Resisting What In Lebanon?

by Eamonn McDonagh

I don’t think many will contradict me if I say that the verb “resist” is usually transitive. That means, for example, that it doesn’t make sense for me to praise “Mike’s resistance” unless I am sure that my interlocutor knows about Mike’s attempts to stop his landlord from evicting him.

I make this statement of the obvious in the context of Ana Carbajosa’s report of Mahmoud Ahmadinejad’s visit to south Lebanon in El País of Madrid. The story’s subheading reads,

Ahmadinejad praises Hezbollah’s resistance four kilometers from Israeli soil.

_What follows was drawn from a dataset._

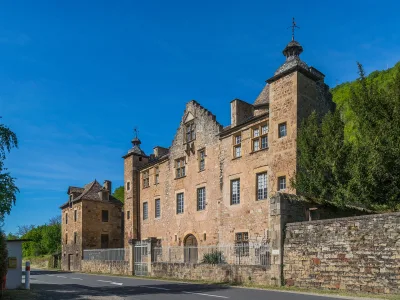 Château de Cougousse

In the body of the text Carbajaosa herself speaks of,

Bint Jbeil, the epicenter of Lebanese Shiite resistance.

Nowhere in the text is direct mention made of what Hezbollah is supposed to be resisting so it seems reasonable to assume that the journalist and her newspaper believe that the object of Hezbollah’s resistance is obvious and doesn’t need to be spelled out.

A possible clue lies in Iran’s president being quoted as condemning “the occupier”. There are those who would interpret that as referring to the Shebaa Farms. There is, however, no mention made of the disputed territory anywhere in the text. Perhaps El País credits its readers with being unusually well informed about the politics of the region and didn’t want to appear insensitive to their learning by pointing this out to them.

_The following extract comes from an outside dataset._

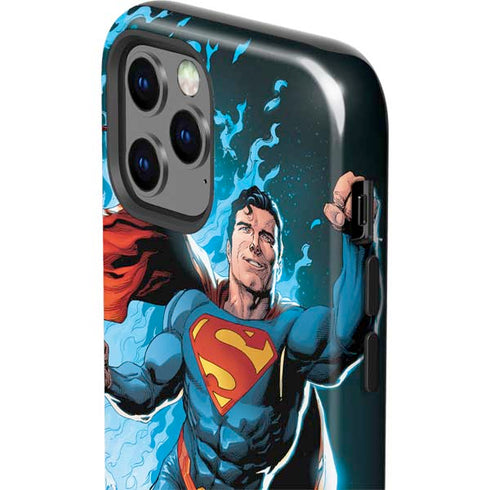 DC Comics Superman Action Comics Cover #976 Art by Gary Frank iPhone 12 Pro Impact Case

There’s another possibility. Perhaps El País and Carbajosa understand resistance to refer to the struggle of Lebanon’s Shiites against the discrimination from which they long suffered in their country. But how credible is that? Hezbollah now forms part of the government of Lebanon, it is the biggest armed force in the country, has thoroughly cowed its internal rivals and the president of its foreign patron has just been welcomed by Lebanon’s head of state and even awarded a doctorate honoris causa by the state run Lebanese University.

So, resistance to what? Given the reference to the short distance from Bin Jbeil to Israel in the subheading, combined with Ahmadinejad’s well known attitude to Jewish national rights, it’s hard to avoid the conclusion that it means resistance to the existence of Israel. It also seems clear that a respectable European newspaper finds nothing remarkable about the president of a faith based dictatorship praising his Lebanese allies for their determination to put an end to the existence of a UN member state and takes it for granted that its readers will understand this without it actually having to be spelled out for them.